Some studies have noted that higher levels of CO2 spur plant growth through increased photosynthesis. “People say more CO2 is plant food, and it is. But how plants respond to that sudden increase in food will impact human health as well, from nutritional deficits, to ethno-pharmacology, to seasonal pollen allergies — in ways that we don’t yet understand,” said study co-author Lewis Ziska, research plant physiologist for the Adaptive Cropping Systems Lab of the United States Department of Agriculture‘s Agricultural Research Service.
The reported changes in micronutrients were expected based on how elevated concentrations of CO2 affect plant physiology, increasing the carbohydrate content (e.g. starch and sugars) and reducing protein and mineral content. The changes in B vitamins may relate to the well-established decline of nitrogen in plants exposed to elevated concentrations of CO2, Ziska said.
The reported changes in micronutrients were expected based on how elevated concentrations of CO2 affect plant physiology, increasing the carbohydrate content (e.g., starch and sugars) and reducing protein and mineral content. Changes in B vitamins may relate to the well-established decline of nitrogen in plants exposed to elevated concentrations of CO2, Ziska said.
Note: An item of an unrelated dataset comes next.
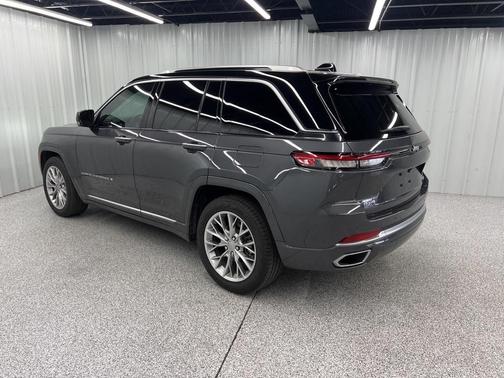 2024 Jeep Grand Cherokee Summit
The authors said agronomists, epidemiologists, physiologists, nutritionists, and healthcare providers need to accurately quantify the nature of CO2-induced changes to human nutrition and to associated health outcomes. Research also is needed to identify options to reduce or negate the risks, including studies to understand whether traditional breeding or genetic modification could lead to nutritionally superior rice, and understanding whether the nutritional quality of rice could be improved through the application of mineral fertilizers or post-harvest fortification.
The senior author was Chunwu Zhu of the State Key Laboratory of Soil and Sustainable Agriculture, Institute of Soil Science, Chinese Academy of Sciences, Nanjing. The research team also included the University of Tokyo; Bryan College of Health Sciences in Lincoln, Nebraska; and the University of Southern Queensland.